What you should do:
Every line below is to be set down again exactly; any image stays out.

··· Exercise data

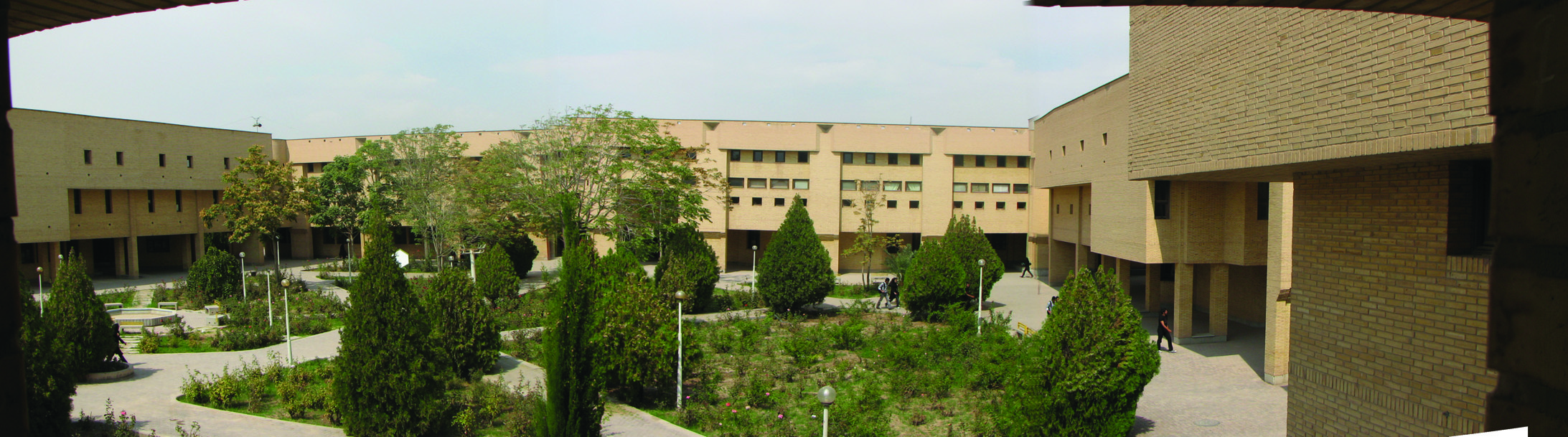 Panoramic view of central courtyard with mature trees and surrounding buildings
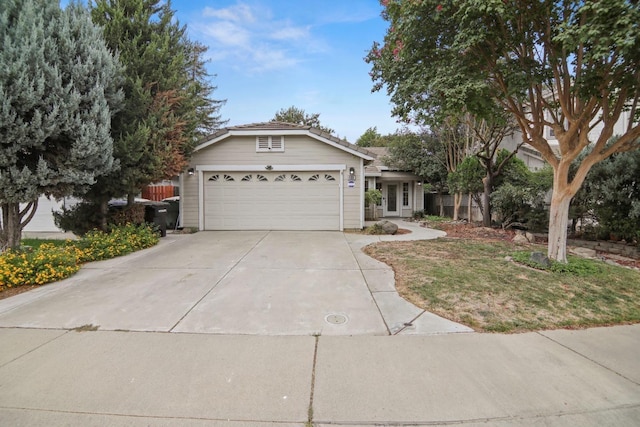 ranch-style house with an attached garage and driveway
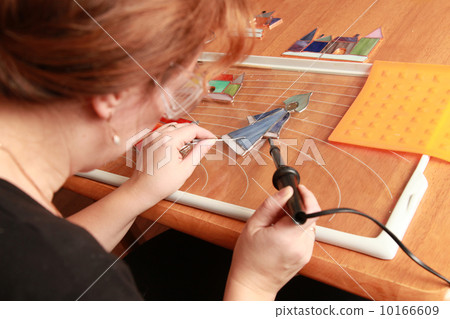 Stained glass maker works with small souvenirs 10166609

······

Your solution:
 Panoramic view of central courtyard with mature trees and surrounding buildings
 ranch-style house with an attached garage and driveway
 Stained glass maker works with small souvenirs 10166609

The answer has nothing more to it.